__Data shown__
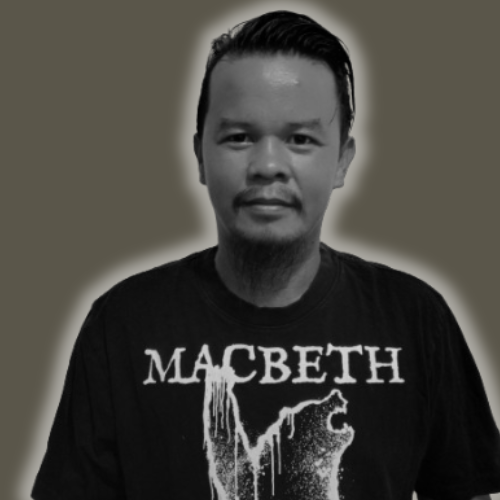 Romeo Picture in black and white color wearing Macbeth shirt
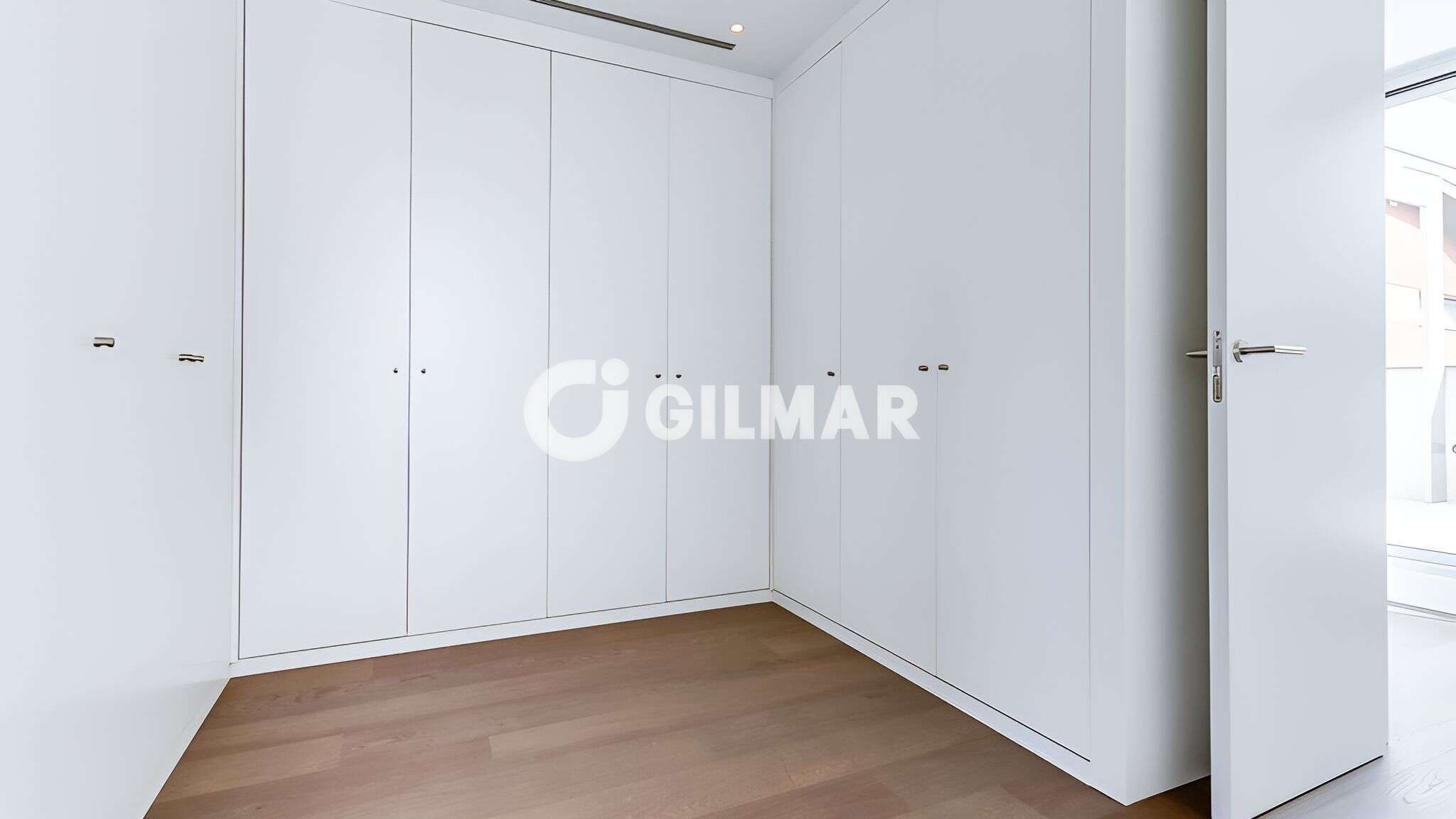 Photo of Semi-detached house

==

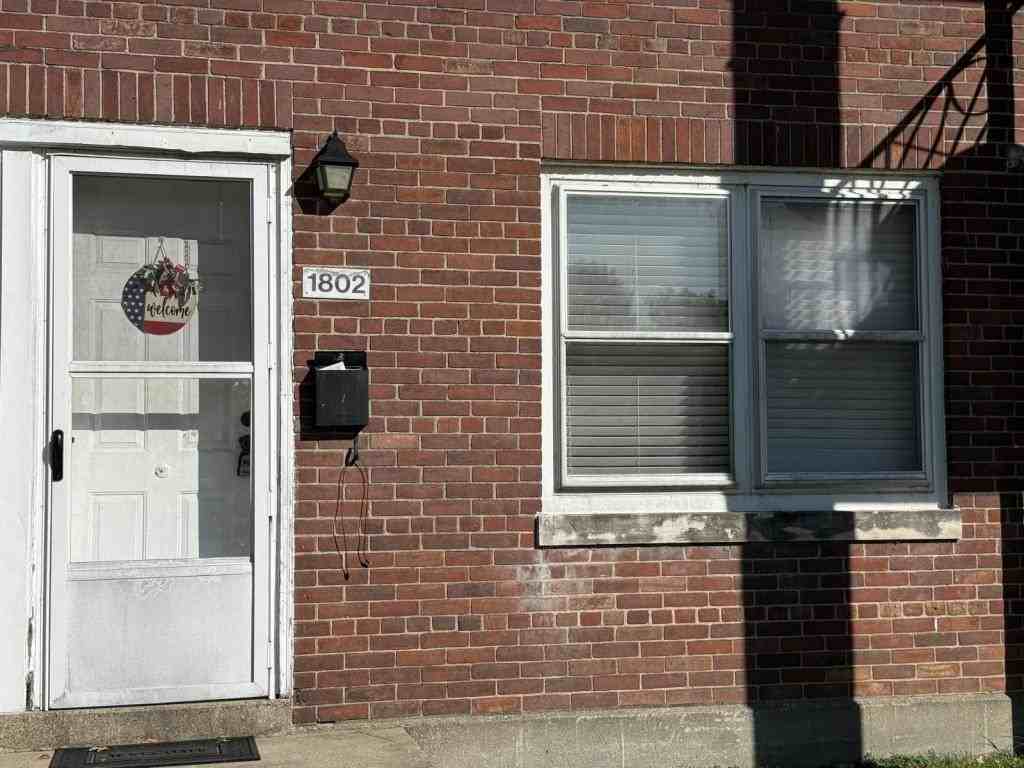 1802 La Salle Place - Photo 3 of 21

__What you should do__
With the pictures omitted, print the lines above exactly, beginning at the line with "Romeo Picture in" and going on through the line with "Photo of Semi-detached house".

__Reply to the exercise__
 Romeo Picture in black and white color wearing Macbeth shirt
 Photo of Semi-detached house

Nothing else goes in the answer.